Fraunhofer Institute leads promising solar cell recycling effort (new PERC cells show 19.7 efficiency)

Fraunhofer Institute for Solar Energy Systems ISE

This is the type of breakthrough the PV recycling sector needs. PV recycling today is largely focused on plugging discarded modules into the reprocessing streams for aluminum, glass and copper. The actual silicon solar cells themselves don’t fit into the equation, but German researchers are ready to change that. The Fraunhofer Center for Silicon Photovoltaics CSP and the Fraunhofer Institute for Solar Energy Systems ISE worked together with the largest German recycling company for PV modules, Reiling GmbH & Co. KG, to develop a solution to recycle PV modules on an industrial scale and reuse the silicon to produce new PERC solar cells.

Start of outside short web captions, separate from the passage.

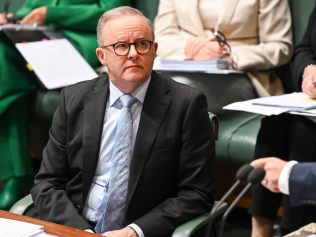 CANBERRA, Australia, NewsWire Photos. June 5, 2024: Prime Minister Anthony Albanese during Question Time at Parliament House in Canberra. Picture: NewsWire / Martin Ollman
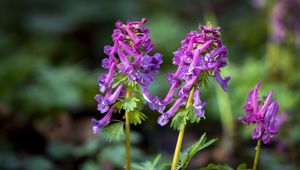 Preview wallpaper corydalis, flower, purple, plant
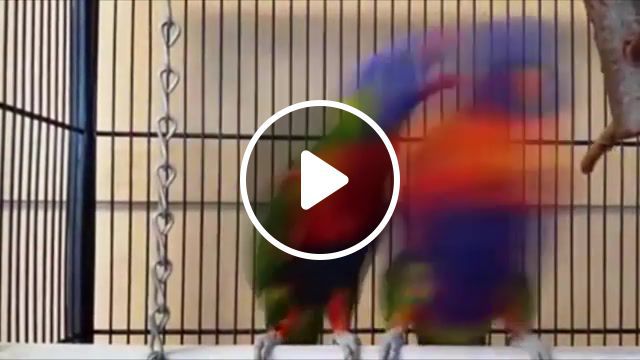 Dancing parrots, animals pets. #0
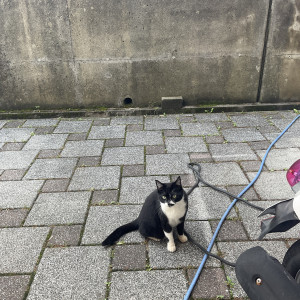 コバちゃん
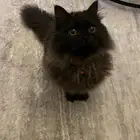 قط صغير لتبني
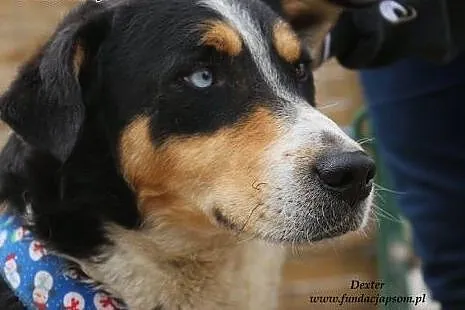 Dexter - przyjacielski i radosny pies,  mazowiecki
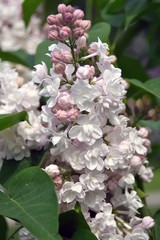 Fototapeta na wymiar Lilacs garden in Moscow. Blooming lilac trees. Color photo.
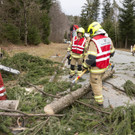 FW Rweil Baum Stra__e 09.jpg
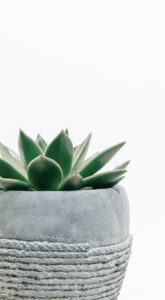 Read more about the article plant12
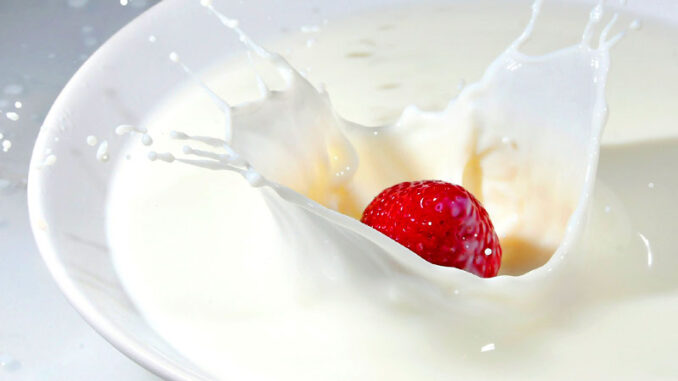 Is Kefir lactose free?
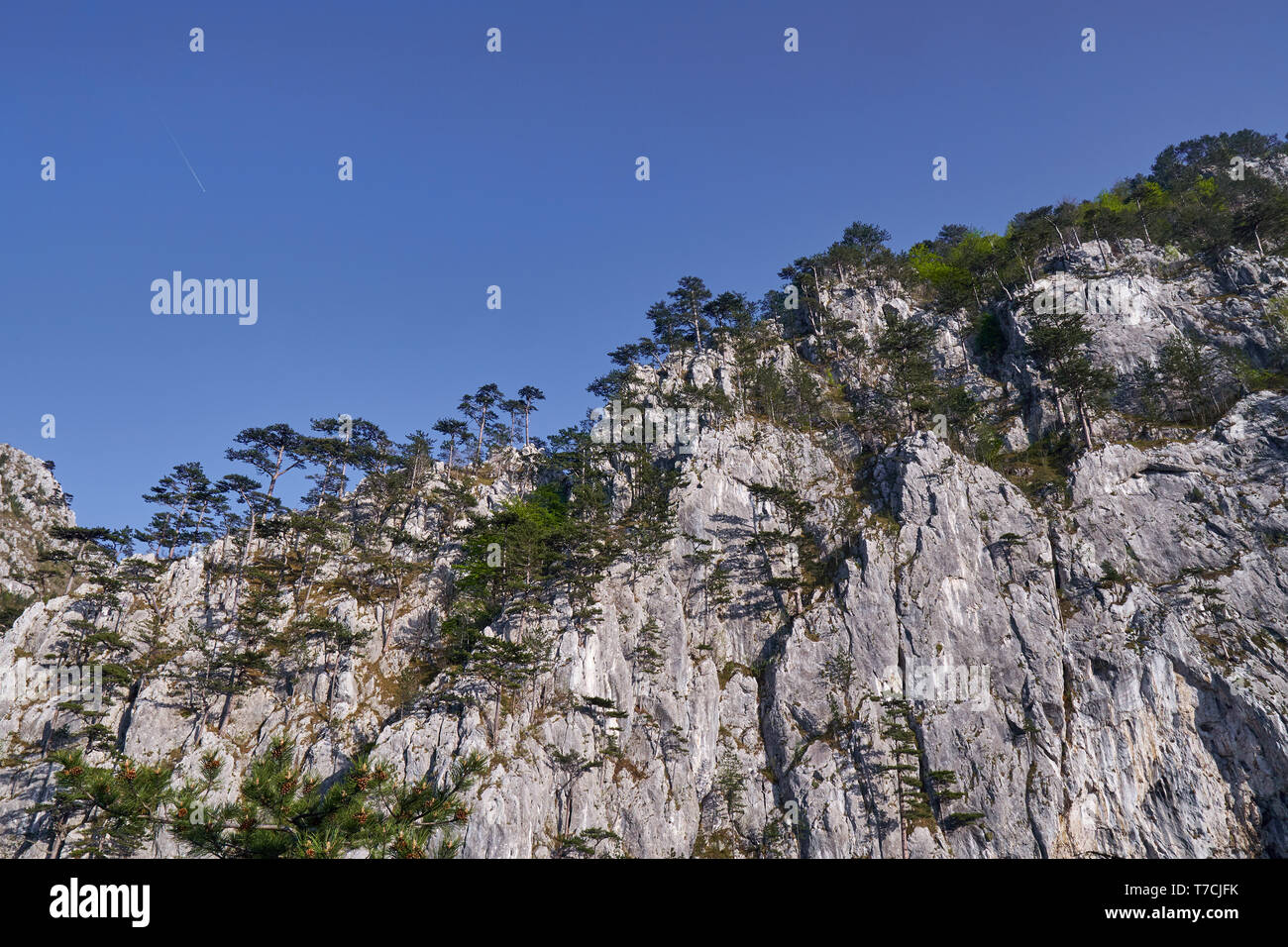 Paesaggio con montagne coperte di pini neri alberi (Pinus nigra) Foto Stock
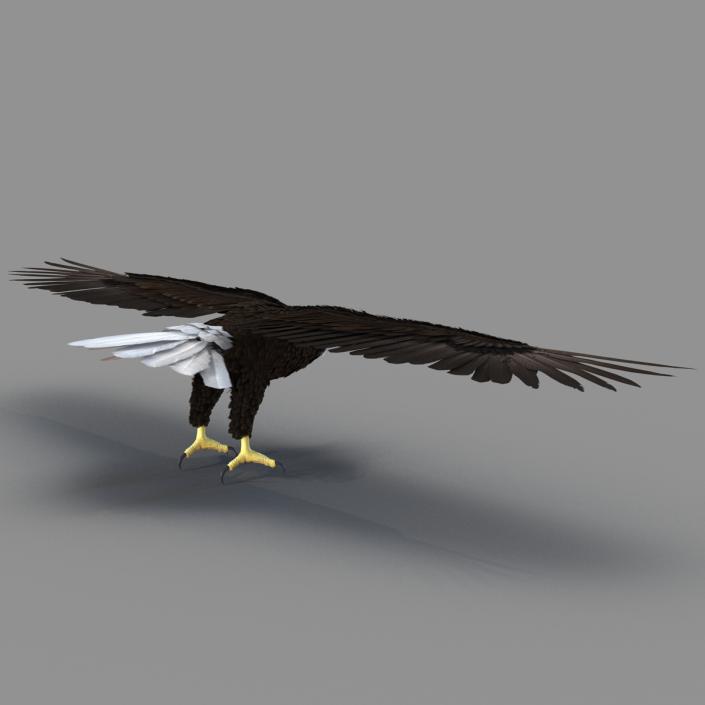 Bald Eagle Rigged 3D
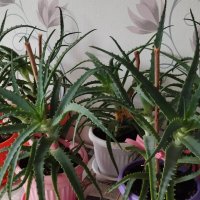 Лечебно Алое (Aloe Arborescens) над 3г., снимка 3 - Стайни растения - 34545609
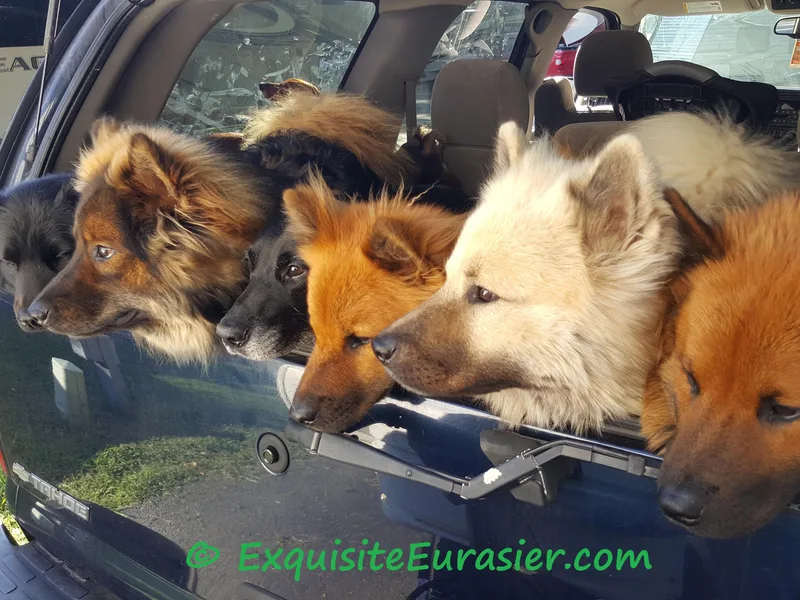 Exquisite Eurasier
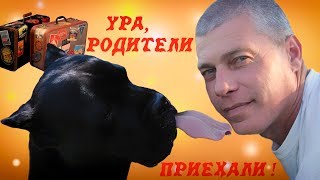Собака кане корсо встречает родителей из шри ланки. #canecorso
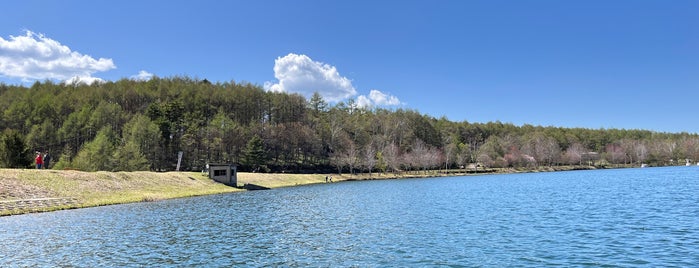 女神湖 is one of 山と高原.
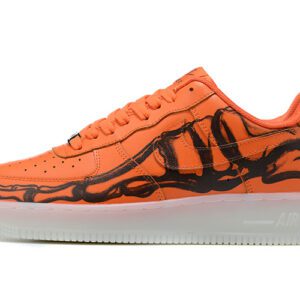 Air Force 1-31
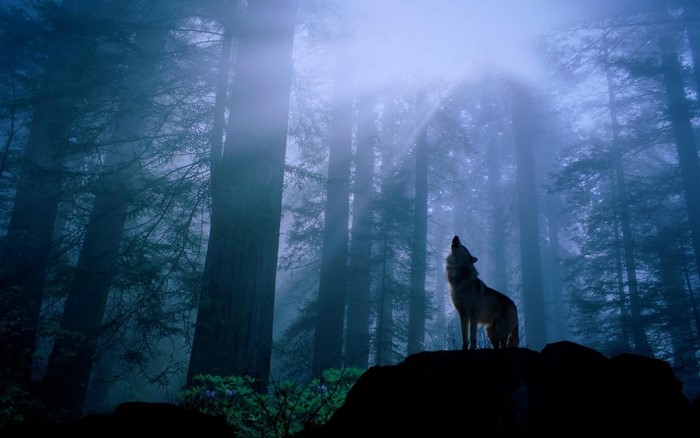 Wolf howling in a misty redwood forest at dawn
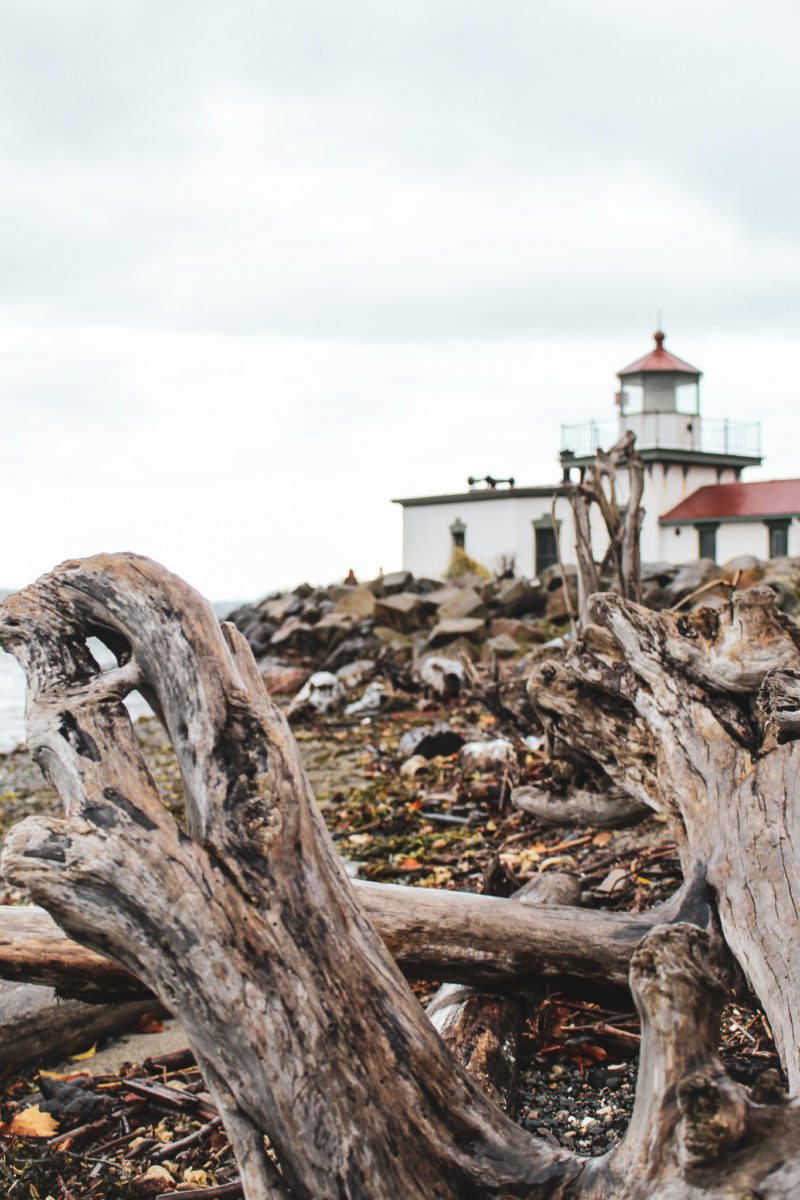 lighthouse at discovery park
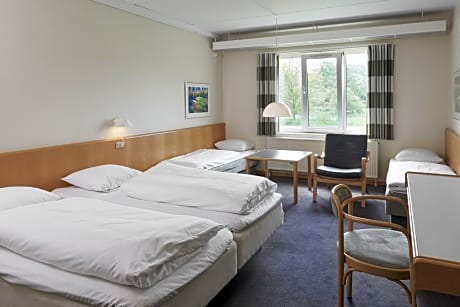 Triple Room (2 Twin Beds and 1 Double Sofa Bed)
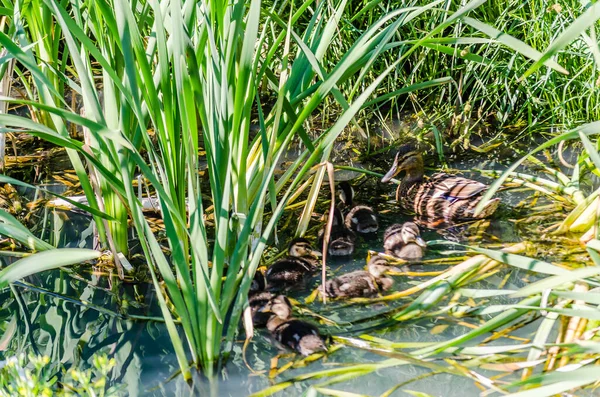 Pato Joven Con Patitos Día Soleado Agua Del Afluente Del — Foto de Stock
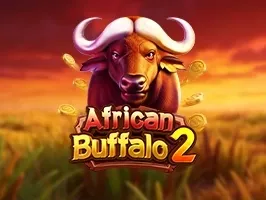 African Buffalo 2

With this process, the groups say it is possible to recycle all crystalline silicon PV modules, regardless of manufacturer and origin.

Prof. Dr. Peter Dold, project manager at Fraunhofer CSP, explains: “If this were not the case, then this would be far too much work for the recycling companies. It was important for us to develop a scalable process that makes economic sense. A lot is possible in the lab, but our new process should prove itself in the practice for the recycling industry.”

In the first trial, the solar cell conversion efficiency was 19.7 percent.

“This is below the efficiency of today’s premium PERC solar cells, which have an efficiency of around 22.2 percent, but it is certainly above that of the solar cells in the old, discarded modules,” says Dold, putting the initial results into context.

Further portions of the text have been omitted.